The budget year ends Sept. 30.
The two men who run the Senate and House administration blame two years of proration — mid-year budget cuts — for the shortfall.
But Republican leadership said the Legislature, like just about every other state agency, needs to learn to make more spending cuts.
Arthur Orr, R-Decatur, has pre-filed a bill that, if approved in 2013, will take away the Legislature’s optional additional funding, referred to as “evergreen appropriations.”
“To have a special way to allow the Legislature to get additional funding during years of proration is unacceptable to me,” Orr said. “We need to live within our means, just like the rest of state government.”
The section of the state code that allows for the additional money was added in the 1980s to ensure that the Legislature always has money to function. It’s only been used once, in the early 1990s, officials said.
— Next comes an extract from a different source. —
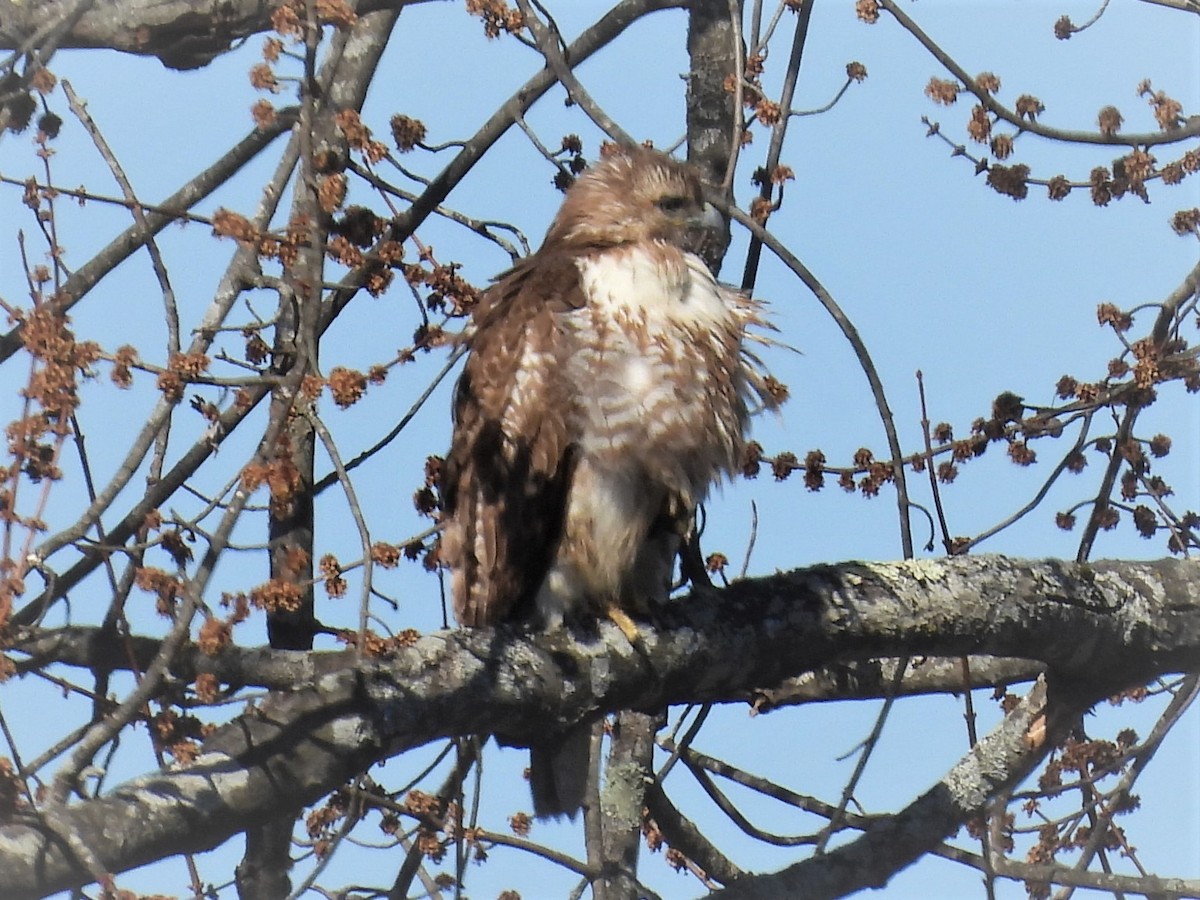 Red-tailed Hawk - ML427740821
It allows the Legislature to receive the $500,000 in additional money up to four times per fiscal quarter, which could mean $2 million per quarter or $8 million per year.
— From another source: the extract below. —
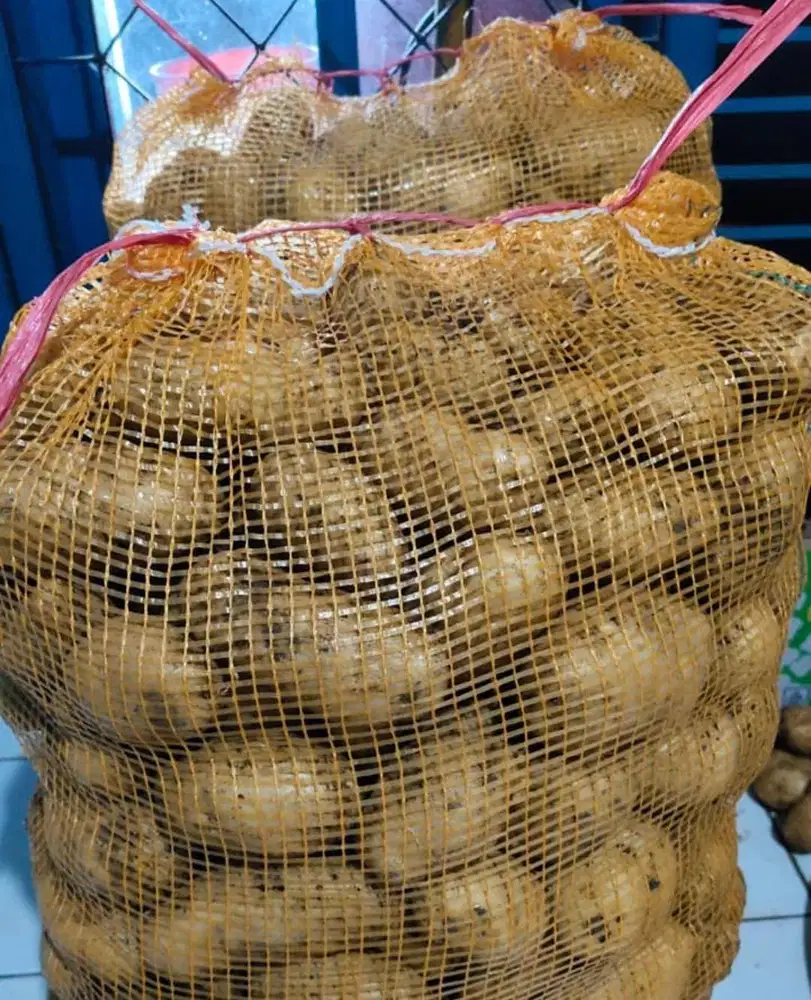 Dijual Kentang Baru Panen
“We will probably have to ask (for it) three or four times (before Sept. 30),” Clerk of the House Greg Pappas said.
Pappas said the Legislature’s budget, which largely funds salaries, got “clobbered” by proration in recent years.
Money for the evergreen appropriation would come from General Fund, said Bill Newton, assistant director of the state Department of Finance.
The money had not been requested as of early this week, but will likely be necessary to meet the Legislature’s Aug. 31 payroll, which totals $577,763 for senators and representatives and $363,645 for employees, Secretary of the Senate Pat Harris said. Legislators are paid monthly, while staff members get paid every two weeks.
“The bottom line is that we’re going to be out of money,” Harris said. “Under the (state) code, I can’t ask for (the additional money) until I reach $100,000 in my budget. I will be there at the end of August.”
This year, the Legislature was allocated about $19.6 million for the year, after the 10.6 percent proration, according to budget information. The Legislature also pays rent on the Alabama State House and has to pay various vendors that service the building, Harris said.
The budget for the Legislature is separate from that of the other offices, including the Legislative Fiscal Office and offices of the elected speaker of the House and Senate president pro tem.
The House speaker received $1.89 million this year, while the Senate president pro tem received $2.179 million, based on state records.
Derek Trotter, a spokesman for Senate President Pro Tem Del Marsh, R-Anniston, who is a co-sponsor on Orr’s bill, said Marsh has cut his own budget by about 65 percent, or $1.2 million, in the past two years, mostly by reducing staff.